- Date: 13 – 18 May
- Edition: 16th
- Surface: Clay
- Location: Bordeaux, France

Champions

Singles
- Giovanni Mpetshi Perricard

Doubles
- Francisco Cabral / Lucas Miedler
- ← 2024 · BNP Paribas Primrose Bordeaux · 2026 →

= 2025 BNP Paribas Primrose Bordeaux =

The 2025 BNP Paribas Primrose Bordeaux was a professional tennis tournament played on clay courts. It was the 16th edition of the tournament and an ATP Challenger Tour 175 event on the 2025 ATP Challenger Tour.
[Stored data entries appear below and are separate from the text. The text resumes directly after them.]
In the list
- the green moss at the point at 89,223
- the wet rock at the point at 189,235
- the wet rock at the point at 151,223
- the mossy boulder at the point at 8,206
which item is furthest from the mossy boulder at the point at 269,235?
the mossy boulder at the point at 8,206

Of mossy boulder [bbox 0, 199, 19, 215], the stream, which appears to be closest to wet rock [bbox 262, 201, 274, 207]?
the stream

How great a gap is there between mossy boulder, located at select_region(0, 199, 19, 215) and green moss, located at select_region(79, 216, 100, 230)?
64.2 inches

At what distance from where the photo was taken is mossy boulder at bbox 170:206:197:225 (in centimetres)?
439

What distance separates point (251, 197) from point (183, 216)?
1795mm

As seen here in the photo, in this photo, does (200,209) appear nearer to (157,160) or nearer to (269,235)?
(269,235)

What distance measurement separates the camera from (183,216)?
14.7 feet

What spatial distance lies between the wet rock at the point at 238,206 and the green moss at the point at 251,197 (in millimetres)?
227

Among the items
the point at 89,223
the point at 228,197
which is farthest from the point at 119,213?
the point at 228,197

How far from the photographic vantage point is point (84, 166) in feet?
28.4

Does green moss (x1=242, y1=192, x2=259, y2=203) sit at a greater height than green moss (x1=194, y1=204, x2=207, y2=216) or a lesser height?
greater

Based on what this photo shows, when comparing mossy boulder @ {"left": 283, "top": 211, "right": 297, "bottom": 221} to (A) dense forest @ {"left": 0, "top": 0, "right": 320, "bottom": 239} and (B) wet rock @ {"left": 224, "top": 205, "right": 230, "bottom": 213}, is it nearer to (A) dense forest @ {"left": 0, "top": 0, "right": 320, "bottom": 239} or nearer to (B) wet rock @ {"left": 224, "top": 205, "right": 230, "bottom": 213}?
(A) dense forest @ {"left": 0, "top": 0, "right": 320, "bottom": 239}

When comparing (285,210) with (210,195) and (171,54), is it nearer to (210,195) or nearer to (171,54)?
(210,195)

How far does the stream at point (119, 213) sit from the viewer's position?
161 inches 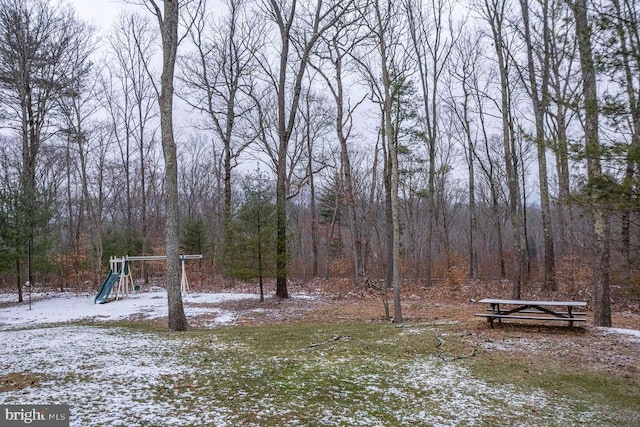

It took place in Bordeaux, France between 13 and 18 May 2025.

==Singles main-draw entrants==

===Seeds===

| Country | Player | Rank^{1} | Seed |
|---|---|---|---|
| USA | Brandon Nakashima | 29 | 1 |
| ARG | Sebastián Báez | 33 | 2 |
| NED | Tallon Griekspoor | 35 | 3 |
| FRA | Giovanni Mpetshi Perricard | 36 | 4 |
| FRA | Quentin Halys | 52 | 5 |
| BIH | Damir Džumhur | 69 | 6 |
| FRA | Hugo Gaston | 78 | 7 |
| USA | Aleksandar Kovacevic | 80 | 8 |

- ^{1} Rankings are as of 5 May 2025.

===Other entrants===
The following players received wildcards into the singles main draw:
- FRA Térence Atmane
- FRA Mathias Bourgue
- SUI Stan Wawrinka

The following players received entry into the singles main draw as alternates:
- GEO Nikoloz Basilashvili
- FRA Hugo Grenier
- LBN Benjamin Hassan
- KAZ Mikhail Kukushkin
- IND Sumit Nagal

The following players received entry from the qualifying draw:
- FRA Grégoire Barrère
- FRA Calvin Hemery
- ESP Albert Ramos Viñolas
- ESP Bernabé Zapata Miralles

==Champions==

===Singles===

- FRA Giovanni Mpetshi Perricard def. GEO Nikoloz Basilashvili 6–3, 6–7^{(5–7)}, 7–5.

===Doubles===

- POR Francisco Cabral / AUT Lucas Miedler def. IND Yuki Bhambri / USA Robert Galloway 7–6^{(7–1)}, 7–6^{(7–2)}.